Caddy is placed between the user and the Automatic Data Lineage components acting as network gateway aggregating and routing all traffic between the user’s machine and individual Automatic Data Lineage components. The secure connection from the user is terminated at Caddy and the rest of the components within Automatic Data Lineage installation can be setup without HTTPS. As Caddy is the only public facing service, this setup is still completely secure.
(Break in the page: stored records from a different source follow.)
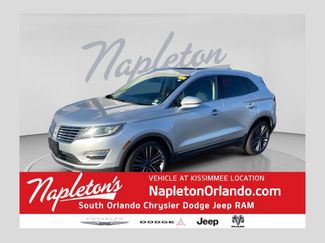 Used 2016 Lincoln MKC Reserve w/ Lincoln MKC Climate Package AWD/4WD video 1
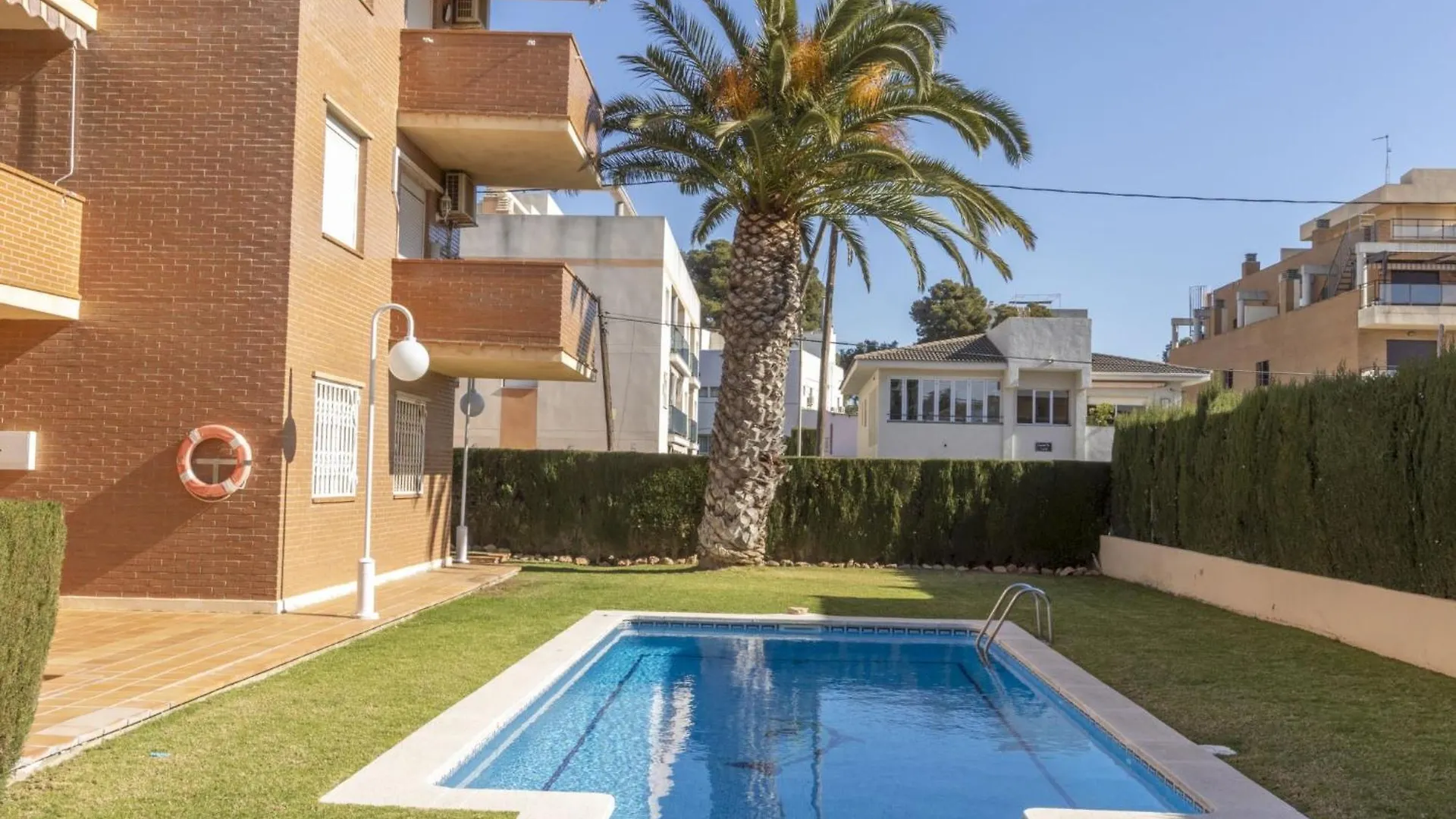 Apartment Maella By Interhome Miami Playa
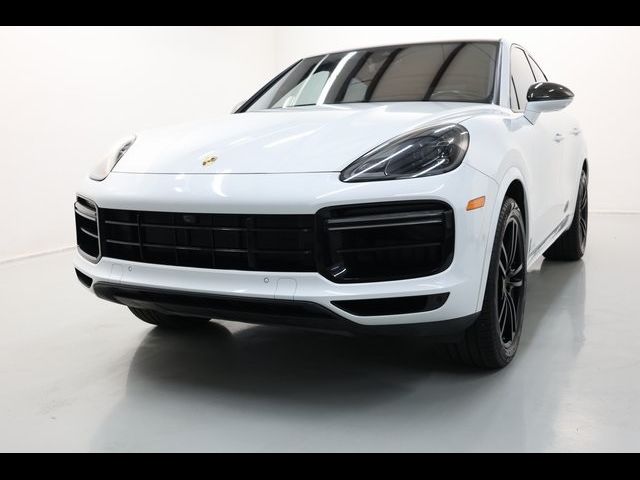 2020 Porsche Cayenne Turbo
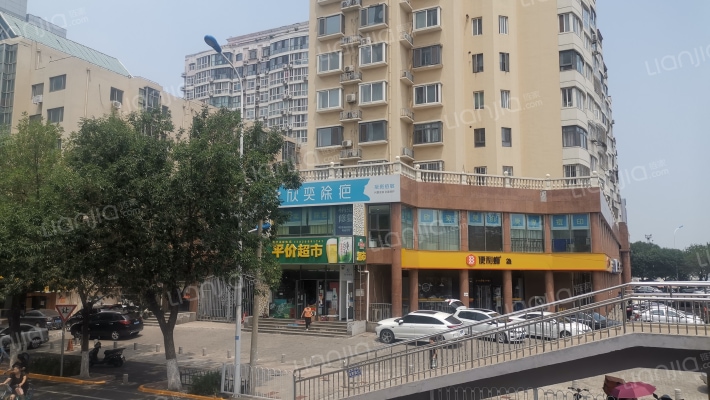 怡康家园外景图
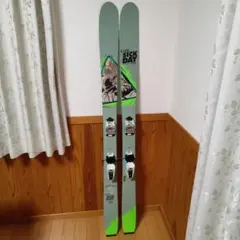 2026年最新】バックカントリースキー板の人気アイテム - メルカリ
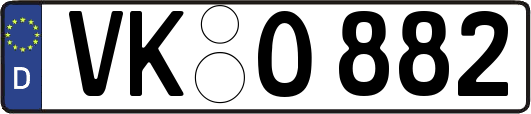 VK-O882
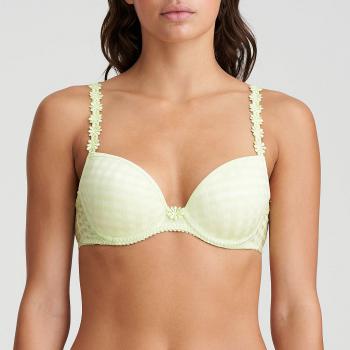 Marie Jo Avero unterlegter Bügel BH runde Form Cup B-F, Farbe apple sorbet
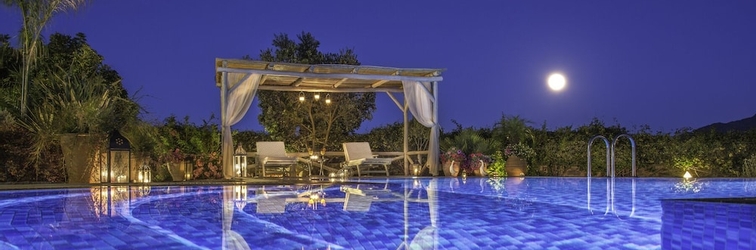 Khác Chania Secluded Retreat - Kallithea Luxury Villa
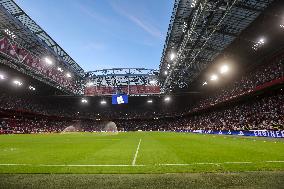 Ajax Amsterdam v Panathinaikos - UEFA Europa League Qualifying 2024/2025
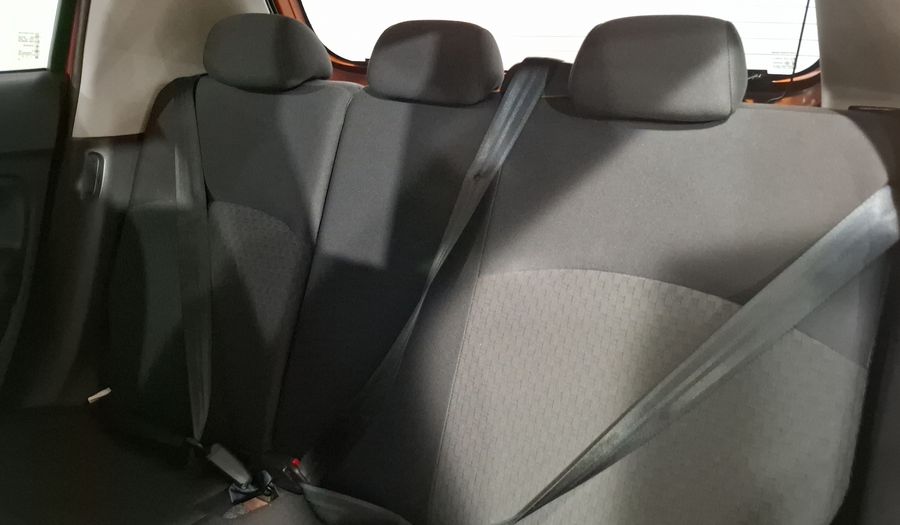 Mitsubishi Mirage 1.2 GLX CVT Hatchback 2018
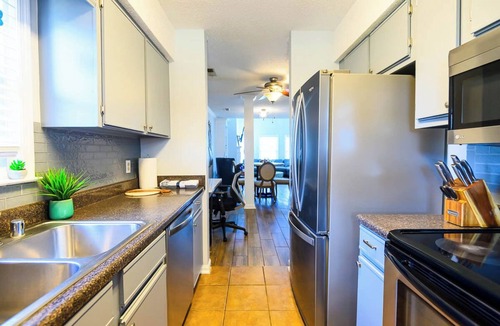 Madison House | "Suite 100" is a Cozy 3-bedroom townhome in charming Madison AL "100% Like Home"
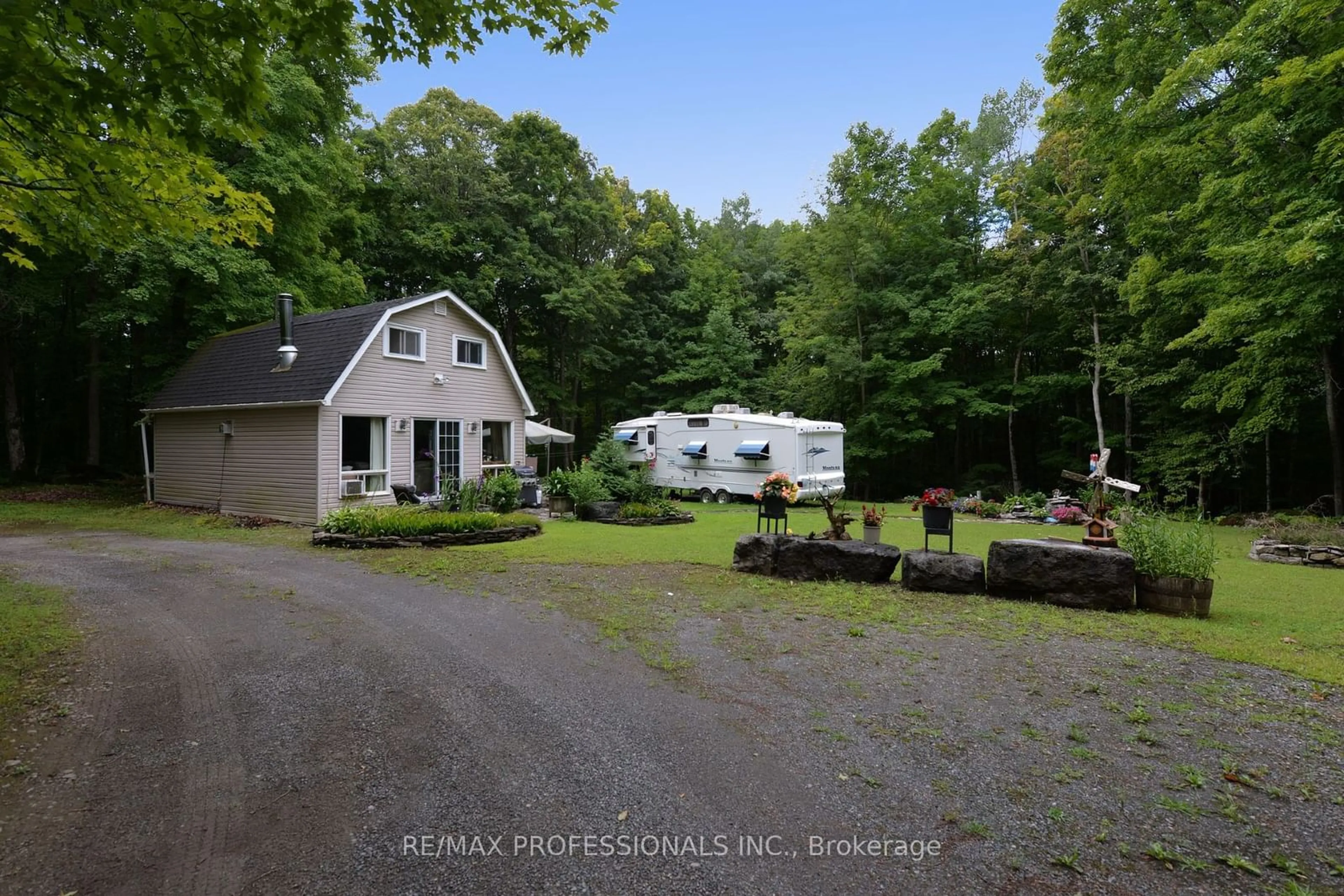 Outside view for 9 Maple Grove Rd, Trent Hills Ontario K0K 2M0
This network architecture has added benefit, because Caddy is the only service that needs to be exposed publicly, only its port must be enabled in firewall.
Networking diagrams
Network setup without Caddy
Networking diagram with Caddy
Use case scenarios
Review your overal network configuration to see if and how Caddy should be enabled or not.
|
Automatic Data Lineage installed with HTTP only. Proxy or loadbalancer is not used. |
Enable Caddy and use the HTTPS communication provided by Caddy. |
|
Automatic Data Lineage installed with HTTPS. Proxy or loadbalancer is not used. |
Disable all HTTPS setting in the individual components. Enable Caddy and use the HTTPS communication provided by Caddy. |
|
Automatic Data Lineage installed with HTTP only. Proxy or loadbalancer is used. |
Leave Caddy disabled. Caddy cannot be used together with another proxy or loadbalancer. |
Configuration & setup
Ports
During installation user must configure two new port to use with Caddy. Caddy itself requires two ports, one communication port to handle all the traffic, and second port for administration API. Only the communication port must be publicly available. The administration API of Caddy server, must be protected by suitable firewall rules. Automatic Data Lineage recommends the port numbers 8888 (communication port) and 8889 (administration API port) as the defaults. If you choose port numbers higher than 1024, then Caddy can and should run without root privileges (ports below 1024, are restricted on Linux).
HTTPS
Caddy has HTTPS management enabled out of the box. This means that even without any user intervention all traffic is protected. Caddy achieves this by generating its own Certificate Authority (certificate can be found in /data/local/pki/ca.crt)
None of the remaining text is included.